An intensely imagined third collection from an author whose work has been hailed as "exceptional," "extraordinary," "uncanny," and "refreshing, compelling, and moving." Urban is a "great storyteller" who writes "almost unbearably lovely prose."
What unites the unlikely protagonists in these very different short stories is their search for refuge. In the opening story, "The Day of the Beheaded Barbie," the reappearance of an old friend pushes Melanie to a shocking discovery about her vanished sister and the daughter she left behind. In "Small Burials," Diana's husband whisks her away to Europe when children start haunting her after a devastating loss. Middle-aged Doris in "Table for Four" struggles with the disappointments that a set of customers in her diner throw into sharp relief, while Manya in "Gravel" tries to support her ex-boyfriend's wife while hiding the truth about their relationship.
Some choose an absurd imaginative escape, like Lonnie of "Married, Living in Italy," who's telling her family she moved to Florence, or Stella in "Care of the Soul," who hasn't yet managed to inform her children that she's returned to the country after fleeing her divorce. Then there's the desperately lonely narrator of "Someone in the House," who thinks she's being stalked--or at least, she hopes she is--while young Mireya of "The Far Shore" is turning into a fish to rescue her brother from an unbearable fate.

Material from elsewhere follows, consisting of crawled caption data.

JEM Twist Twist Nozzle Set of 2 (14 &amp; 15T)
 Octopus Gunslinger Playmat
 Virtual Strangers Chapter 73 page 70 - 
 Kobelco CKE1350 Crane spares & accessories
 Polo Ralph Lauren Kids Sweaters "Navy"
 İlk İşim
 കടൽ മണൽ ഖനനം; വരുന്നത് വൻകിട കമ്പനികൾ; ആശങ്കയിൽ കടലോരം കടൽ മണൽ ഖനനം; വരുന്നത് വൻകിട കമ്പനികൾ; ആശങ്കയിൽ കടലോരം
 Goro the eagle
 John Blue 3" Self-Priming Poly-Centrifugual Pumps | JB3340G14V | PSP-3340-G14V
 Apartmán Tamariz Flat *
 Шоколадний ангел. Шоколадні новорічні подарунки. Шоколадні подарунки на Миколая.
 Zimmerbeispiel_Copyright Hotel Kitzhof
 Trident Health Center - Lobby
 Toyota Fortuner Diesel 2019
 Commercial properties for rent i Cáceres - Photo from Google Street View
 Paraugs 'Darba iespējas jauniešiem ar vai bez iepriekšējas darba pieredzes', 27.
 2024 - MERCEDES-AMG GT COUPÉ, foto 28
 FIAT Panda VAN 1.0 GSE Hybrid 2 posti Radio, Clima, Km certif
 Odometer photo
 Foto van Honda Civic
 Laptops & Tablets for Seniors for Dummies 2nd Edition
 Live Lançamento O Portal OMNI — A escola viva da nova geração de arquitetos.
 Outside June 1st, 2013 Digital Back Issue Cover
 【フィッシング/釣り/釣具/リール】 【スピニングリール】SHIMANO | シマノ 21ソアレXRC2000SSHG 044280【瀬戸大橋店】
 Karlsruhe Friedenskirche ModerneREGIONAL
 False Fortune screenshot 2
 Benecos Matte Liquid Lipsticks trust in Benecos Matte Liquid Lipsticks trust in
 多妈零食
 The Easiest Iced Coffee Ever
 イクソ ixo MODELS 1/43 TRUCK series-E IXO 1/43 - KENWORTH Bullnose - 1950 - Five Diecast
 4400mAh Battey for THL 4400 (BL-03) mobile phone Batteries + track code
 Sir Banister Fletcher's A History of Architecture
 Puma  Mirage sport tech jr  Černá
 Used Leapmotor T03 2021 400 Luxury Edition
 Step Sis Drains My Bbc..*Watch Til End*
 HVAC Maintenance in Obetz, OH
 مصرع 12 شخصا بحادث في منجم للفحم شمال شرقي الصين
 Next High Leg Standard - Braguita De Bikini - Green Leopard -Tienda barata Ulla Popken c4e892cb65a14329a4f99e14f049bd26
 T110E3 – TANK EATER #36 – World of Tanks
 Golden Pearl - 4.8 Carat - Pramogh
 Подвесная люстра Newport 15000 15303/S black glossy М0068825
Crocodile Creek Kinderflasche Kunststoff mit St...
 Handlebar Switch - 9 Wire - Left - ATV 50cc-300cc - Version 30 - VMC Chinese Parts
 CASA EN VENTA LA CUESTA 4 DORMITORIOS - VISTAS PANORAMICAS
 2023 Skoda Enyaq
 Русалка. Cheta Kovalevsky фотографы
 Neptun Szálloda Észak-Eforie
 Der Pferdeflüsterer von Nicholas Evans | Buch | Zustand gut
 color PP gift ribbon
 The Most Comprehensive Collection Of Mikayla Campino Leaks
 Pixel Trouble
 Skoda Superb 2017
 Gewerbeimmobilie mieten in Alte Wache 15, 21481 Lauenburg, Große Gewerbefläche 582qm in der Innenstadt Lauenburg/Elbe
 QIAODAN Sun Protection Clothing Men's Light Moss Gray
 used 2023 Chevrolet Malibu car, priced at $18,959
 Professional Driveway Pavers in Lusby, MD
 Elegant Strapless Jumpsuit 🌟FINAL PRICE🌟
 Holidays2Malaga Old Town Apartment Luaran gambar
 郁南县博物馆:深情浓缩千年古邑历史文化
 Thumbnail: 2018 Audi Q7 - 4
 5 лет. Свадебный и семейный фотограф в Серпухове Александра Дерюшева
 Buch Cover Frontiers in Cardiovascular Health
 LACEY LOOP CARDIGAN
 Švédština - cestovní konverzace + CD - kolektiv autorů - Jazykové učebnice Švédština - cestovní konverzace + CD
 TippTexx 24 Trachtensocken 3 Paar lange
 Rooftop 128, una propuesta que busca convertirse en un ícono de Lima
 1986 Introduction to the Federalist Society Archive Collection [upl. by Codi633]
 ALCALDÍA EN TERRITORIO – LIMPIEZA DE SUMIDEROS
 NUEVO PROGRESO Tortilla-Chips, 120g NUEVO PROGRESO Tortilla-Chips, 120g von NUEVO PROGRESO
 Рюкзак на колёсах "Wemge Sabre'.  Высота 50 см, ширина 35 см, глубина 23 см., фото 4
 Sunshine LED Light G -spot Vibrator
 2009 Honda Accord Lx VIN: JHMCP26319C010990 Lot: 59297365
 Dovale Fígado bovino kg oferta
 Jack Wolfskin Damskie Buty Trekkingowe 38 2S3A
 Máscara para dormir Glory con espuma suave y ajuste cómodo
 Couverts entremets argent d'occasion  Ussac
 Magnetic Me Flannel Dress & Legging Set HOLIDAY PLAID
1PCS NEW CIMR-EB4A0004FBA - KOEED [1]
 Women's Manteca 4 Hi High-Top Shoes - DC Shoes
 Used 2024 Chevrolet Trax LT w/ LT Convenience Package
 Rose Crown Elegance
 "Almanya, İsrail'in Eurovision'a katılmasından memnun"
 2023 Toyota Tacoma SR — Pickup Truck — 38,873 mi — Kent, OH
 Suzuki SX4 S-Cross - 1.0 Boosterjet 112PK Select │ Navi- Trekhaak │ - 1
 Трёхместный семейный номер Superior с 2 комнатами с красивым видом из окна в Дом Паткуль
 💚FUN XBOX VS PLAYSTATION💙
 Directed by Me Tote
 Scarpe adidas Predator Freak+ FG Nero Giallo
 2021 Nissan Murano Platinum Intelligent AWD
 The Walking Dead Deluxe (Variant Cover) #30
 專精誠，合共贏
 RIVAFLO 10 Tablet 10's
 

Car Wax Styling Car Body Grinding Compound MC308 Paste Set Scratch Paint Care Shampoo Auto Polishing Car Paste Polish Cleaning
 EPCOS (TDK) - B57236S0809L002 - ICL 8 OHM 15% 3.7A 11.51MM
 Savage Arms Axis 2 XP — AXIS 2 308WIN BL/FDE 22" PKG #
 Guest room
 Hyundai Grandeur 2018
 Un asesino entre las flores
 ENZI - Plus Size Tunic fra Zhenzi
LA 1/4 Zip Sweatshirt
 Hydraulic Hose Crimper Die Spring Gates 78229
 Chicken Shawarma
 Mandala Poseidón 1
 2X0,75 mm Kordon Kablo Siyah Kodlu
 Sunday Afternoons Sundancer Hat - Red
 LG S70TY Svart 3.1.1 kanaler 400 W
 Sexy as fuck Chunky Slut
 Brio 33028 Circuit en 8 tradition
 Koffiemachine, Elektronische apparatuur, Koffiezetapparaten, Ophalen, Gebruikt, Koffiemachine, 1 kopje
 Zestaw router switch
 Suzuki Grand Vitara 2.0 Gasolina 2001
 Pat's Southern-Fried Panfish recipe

Through it all, these characters are crushingly believable and endearingly real in their defenses, their damage, their humor, and their sheer will as they turn suffering into salvation. Full of disappearing children and surfacing secrets, fragile triumphs and imminent loss, these eloquent tales laced with hilarity and grief illuminate shared human truths about betrayal, rescue, the places we seek shelter, and the stories we tell ourselves to survive.